The Enclave from the Fallout video game series aren't as bad as they seem.
Debate Rounds (3)
Bad: not such as to be hoped for or desired; unpleasant or unwelcome.
This is the definition of bad as given by google. Perhaps, the proper term we are looking for is evil.
But what is evil. Yes, the illusion evil is given by the fact that the Enclave is a direct antagonist of the main character. However, if you take a deeper look at what the enclave are as a whole, the same conclusion can still be reached.
Evil can be defined as selfishness, unnecessary violence, and for the good of few at the expense of the many.
Through this then, the enclave can be described exactly as this. While the original goal of the enclave was to build a spaceship and terraform another planet, such as mars, it quickly transformed into the descendants of Government conspiracists wanting to take control for themselves. They discriminate against the people they deem "Impure" even though they didn't have any actual control of whether or not their genes were corrupt. The enclave seek to promote themselves as the "perfect race" rather than to help the many that had no control over the society that they lived in now. While the enclave may have a bias against them for being the main antagonists of fallout 3, there is still enough evidence to prove that they are still an evil and selfish organization.
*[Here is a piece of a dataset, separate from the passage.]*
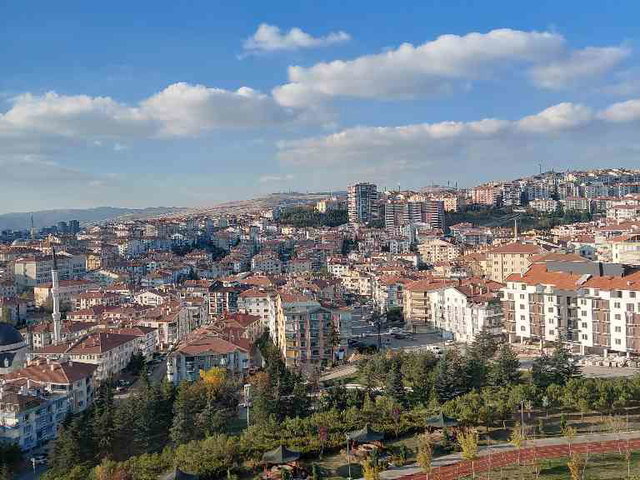 KEÇİÖREN’DE SİTE İÇİNDE 3+1 | 138 M² BRÜT | 9. KAT | MERKEZİ ISITMA (PAY ÖLÇER)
Evil is difficult to define due to it being completely subjective, this is the very reason why it could be said that from a players point of view they are indeed evil. The stance I am taking however is that from the point of view of someone outside their universe (like any given person in the real world) the Enclave is far from the base definition of bad.
"not such as to be hoped for or desired"
If one were to tell any random person on the street that there were a large population of mutants a few towns over, some of which were violent murderous monsters and some of which acted and looked like normal people, most people would at least feel alarmed and uncomfortable. If you also told them that you could get rid of them if enough people agreed with you, they would probably gladly give you their support. Yes this argument is based on speculation and assumptions but is supported by mankind's ingrained need to destroy that which threatens their way of life, even more true when they themselves don't have to be the ones to do it.
"Unpleasant or unwelcome"
While it is difficult to argue that a group of people with advanced technology and a feverish desire to wipe out the majority of life on any given planet are not unpleasant, I'll try. War is unpleasant, genocide is unpleasant, killing for the most part is unpleasant. The trick here is that mutated humans in fiction aren't often viewed as people. Vampires, werewolves, ghouls, and monsters of this sort are viewed as creatures even though they were once human, I argue that such would be the same with humans irradiated in the way they are in the Fallout universe.
Given humans obsession with superiority and history of dehumanizing those they deem enemies I believe they would gladly welcome the Enclave if they existed in our world.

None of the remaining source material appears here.